Have you ever seen someone on Fetlife and been like “I think that would be a good person to get to know, play with, and possibly explore a relationship with”? Of course you have. And if you’re the average dude on Fetlife, you’ve immediately messaged them. If that works for you, great; I hope you get everything you want out of the interaction.
But in my case, I play the longest game.
There’s someone new-ish on Fetlife who I think would be a good fit for my needs — she’s close to my age, we share similar interests, and she seems intelligent (smart girls are sexy). The thing is, she’s new, and I don’t want to get lost in the avalanche of PMs I’m sure she’s gotten. Plus, I don’t want her to feel like I’m trying to prey on her. I followed her, but didn’t try to friend her, and I haven’t interacted with any of her content yet except for maybe hearting a status update once.

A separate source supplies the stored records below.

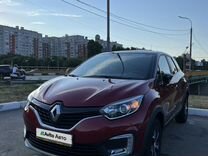 Renault Kaptur 1.6 MT, 2019, 32 000 км, с пробегом, цена 1 700 000 руб.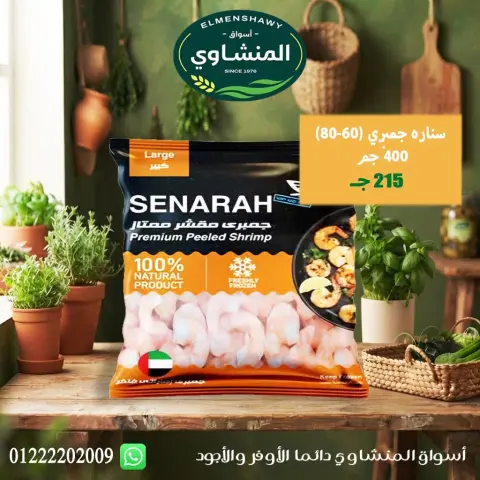 عروض أسواق المنشاوى بفرع طنطا من ٢٩ أكتوبر حتى ٤ نوفمبر ٢٠٢٦ عروض متنوعة - صفحة 24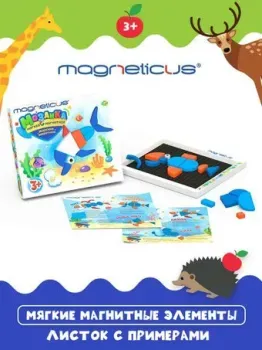 Magneticus Морские животные MA-61 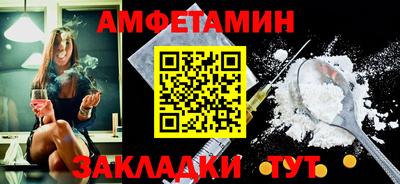 стафф Пушкино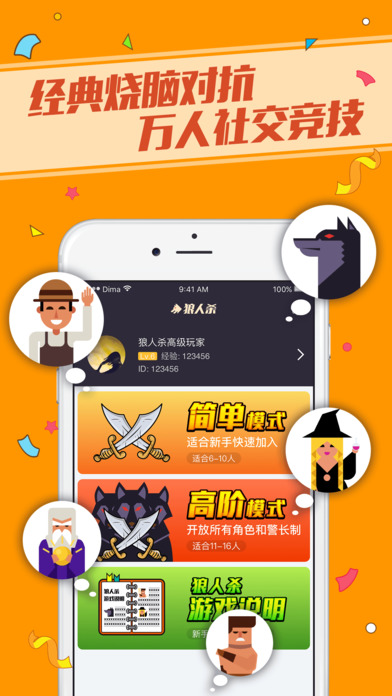捣蛋狼人杀最新版下载安卓-捣蛋狼人杀手游最新正式版（暂未上线）v.9.89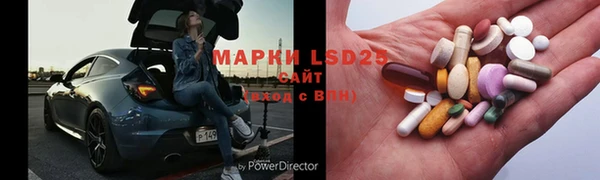 метамфетамин Богданович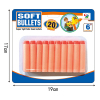 bullet Soft bullet Sponge【English Packaging】_P01430888_3_m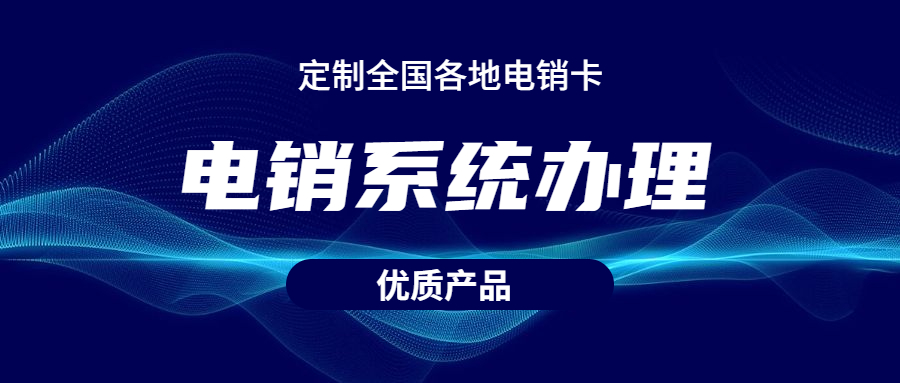 怎么辦理E啟通電銷系統(tǒng)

In my head I’m building out all these scenarios where I message her, we hit it off, we go to dinner or on a coffee date, and everything goes better than expected. (Well, I don’t do it often, because I’ve had a lot on my mind lately, but sometimes when I see her name that’s what goes through my head.) The key phrase is “in my head”, though. I have yet to reach out to her.
And I don’t know when I will.
When’s the right time? When is she “not new” enough? When would my message break through the chatter and noise?
That’s the problem with the longest game: I never win or lose, because I’m not actually playing. If I don’t approach her, I can’t get rejected, and rejection is a major issue for me — I accept that women have every right to reject me, but I was rejected a lot as a teenager and in both of my marriages, and I don’t like that feeling. So I try to avoid it. It’s similar to how, even when I know someone and know they want to play with me, I still don’t ask them to play because what if they say no this time?
I’ve been active in the kink world for a very long time and I still have these worries. Which is why the longest game and I are good friends.
Maybe someday I’ll change that. Maybe.